Thanks all. Just in waiting mode now.

-Angela


----------



## thismama




----------



## Cutie Patootie

Oh man.







I just saw this...and you are over in co-ops loving up on me?







I am thinking of you and sending postive thoughts for Tuesday.


----------



## alegna

Hey, a girl can be thankful for nuts anytime, right?









I don't know if I'm hopeful for Tuesday or not.

FWIW I haven't spotted at all today, but that's happened before... who the freak knows at this point.

I'm just hoping that if the baby is gone, he's long gone and I'm mostly through this.

If he's still in there that everything is hunky dory and I get to be a freak of nature once more









thanks to everyone for the thoughts.

-Angela


----------



## Parker'smommy

Angela, I just wanted to mention that if you go to the hospital and you are 20 weeks or over, you don't have to wait in the ER. You go straight to L&D. They will check right away with an u/s. You will not have to wait. And then you can decide what to do from there. You don't have to stay if you don't want to. My OB gave me the option to leave and deliver at home, I declined and labored at the hosptial. But I did have the option. You will too.

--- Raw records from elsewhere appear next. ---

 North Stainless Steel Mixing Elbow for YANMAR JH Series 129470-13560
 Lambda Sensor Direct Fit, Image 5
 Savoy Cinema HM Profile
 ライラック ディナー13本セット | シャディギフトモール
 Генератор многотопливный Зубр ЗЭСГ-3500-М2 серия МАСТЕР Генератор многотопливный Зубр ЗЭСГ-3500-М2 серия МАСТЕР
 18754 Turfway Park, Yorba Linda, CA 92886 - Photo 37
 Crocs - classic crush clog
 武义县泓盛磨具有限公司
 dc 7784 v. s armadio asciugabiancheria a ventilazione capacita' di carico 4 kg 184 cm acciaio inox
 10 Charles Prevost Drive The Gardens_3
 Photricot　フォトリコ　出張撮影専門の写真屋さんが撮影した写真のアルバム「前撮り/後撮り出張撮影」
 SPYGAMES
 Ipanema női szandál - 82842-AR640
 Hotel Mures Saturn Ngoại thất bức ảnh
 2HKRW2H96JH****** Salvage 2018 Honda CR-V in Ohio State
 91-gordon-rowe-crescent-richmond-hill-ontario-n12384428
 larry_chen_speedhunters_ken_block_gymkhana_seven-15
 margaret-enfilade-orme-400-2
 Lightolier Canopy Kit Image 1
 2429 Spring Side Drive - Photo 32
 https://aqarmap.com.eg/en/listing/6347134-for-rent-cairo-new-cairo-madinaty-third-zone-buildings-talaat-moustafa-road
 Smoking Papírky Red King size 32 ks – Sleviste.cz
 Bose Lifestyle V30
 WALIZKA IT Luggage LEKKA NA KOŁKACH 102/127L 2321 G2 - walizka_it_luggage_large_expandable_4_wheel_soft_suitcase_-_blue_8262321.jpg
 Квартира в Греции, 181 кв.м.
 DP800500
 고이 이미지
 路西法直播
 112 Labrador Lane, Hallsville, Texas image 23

I am so sorry you are having to go through this...many of us here have gone through almost exactly the same thing as you are going through right now. We are here for you.


----------



## mamamoo

Oh mama.





















Just for the record. I have a friend here in town who's baby was a hider, and they could not find the hb on doppler intil after 21 weeks. Thinking of you and hoping there is good news at your u/s.


----------



## ashleep

s mama. I'll be thinking about you.


----------



## alegna

Quote:


Originally Posted by *Parker'smommy* 
Angela, I just wanted to mention that if you go to the hospital and you are 20 weeks or over, you don't have to wait in the ER. You go straight to L&D. They will check right away with an u/s. You will not have to wait. And then you can decide what to do from there. You don't have to stay if you don't want to. My OB gave me the option to leave and deliver at home, I declined and labored at the hosptial. But I did have the option. You will too.

I am so sorry you are having to go through this...many of us here have gone through almost exactly the same thing as you are going through right now. We are here for you.

Thanks for the info. But since I'm in for Tuesday that's MUCH less stressful for me....









-Angela


----------



## alegna

Quote:


Originally Posted by *mamamoo* 
Oh mama.





















Just for the record. I have a friend here in town who's baby was a hider, and they could not find the hb on doppler intil after 21 weeks. Thinking of you and hoping there is good news at your u/s.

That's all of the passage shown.